:: What the exercise asks ::
Word for word, restate the listing; omit the pictures.

-- Record set follows --

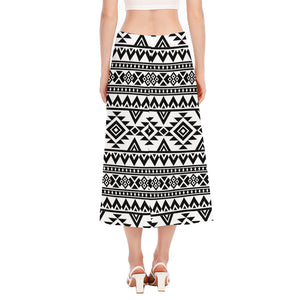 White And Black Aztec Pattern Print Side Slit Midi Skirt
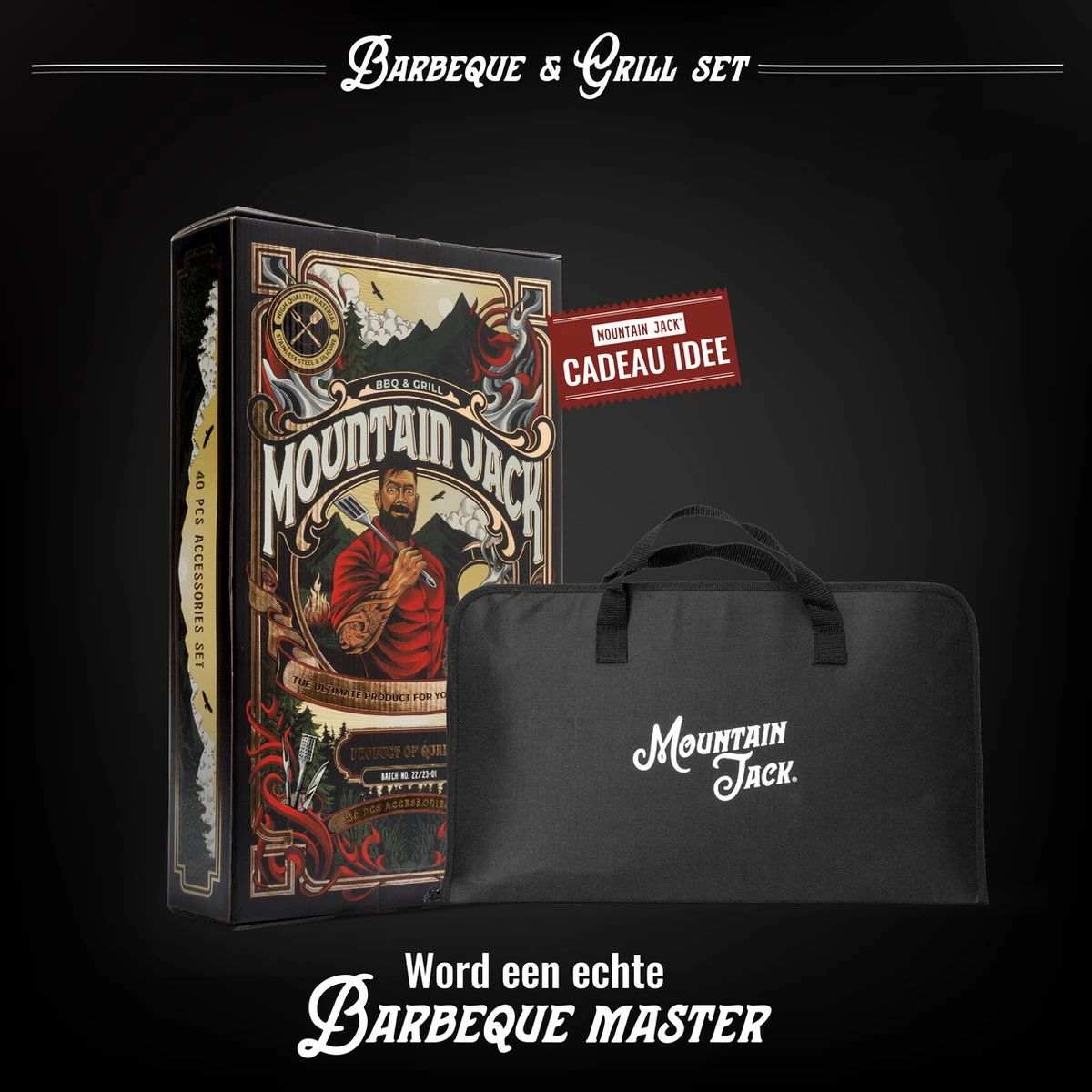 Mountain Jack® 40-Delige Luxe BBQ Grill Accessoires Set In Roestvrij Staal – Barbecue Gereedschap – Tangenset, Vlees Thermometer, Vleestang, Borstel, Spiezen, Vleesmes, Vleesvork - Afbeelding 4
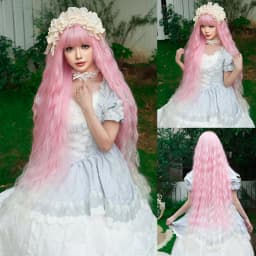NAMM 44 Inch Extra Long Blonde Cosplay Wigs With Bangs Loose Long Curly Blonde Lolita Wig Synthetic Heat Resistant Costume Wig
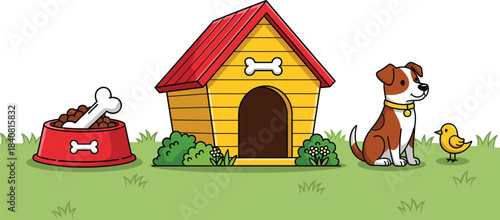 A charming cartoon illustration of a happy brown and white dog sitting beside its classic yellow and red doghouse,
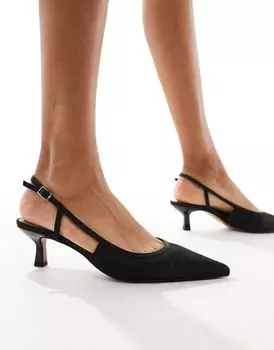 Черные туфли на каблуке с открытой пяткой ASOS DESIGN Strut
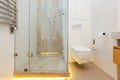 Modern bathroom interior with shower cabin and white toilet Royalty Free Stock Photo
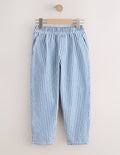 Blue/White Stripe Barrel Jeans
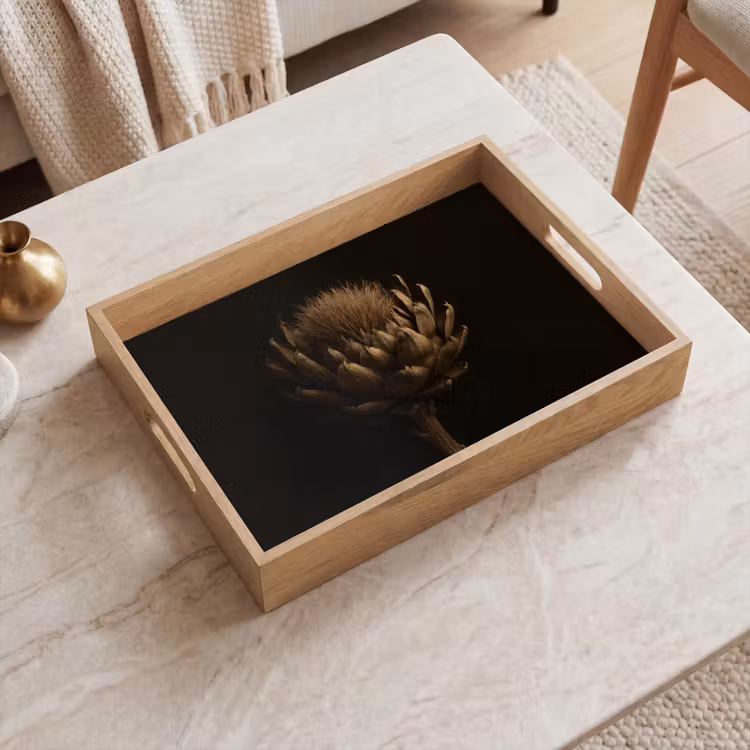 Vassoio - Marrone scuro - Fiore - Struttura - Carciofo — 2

-- Record set concluded --

:: Task output ::
 White And Black Aztec Pattern Print Side Slit Midi Skirt
 Mountain Jack® 40-Delige Luxe BBQ Grill Accessoires Set In Roestvrij Staal – Barbecue Gereedschap – Tangenset, Vlees Thermometer, Vleestang, Borstel, Spiezen, Vleesmes, Vleesvork - Afbeelding 4
NAMM 44 Inch Extra Long Blonde Cosplay Wigs With Bangs Loose Long Curly Blonde Lolita Wig Synthetic Heat Resistant Costume Wig
 A charming cartoon illustration of a happy brown and white dog sitting beside its classic yellow and red doghouse,
 Черные туфли на каблуке с открытой пяткой ASOS DESIGN Strut
 Modern bathroom interior with shower cabin and white toilet Royalty Free Stock Photo
 Blue/White Stripe Barrel Jeans
 Vassoio - Marrone scuro - Fiore - Struttura - Carciofo — 2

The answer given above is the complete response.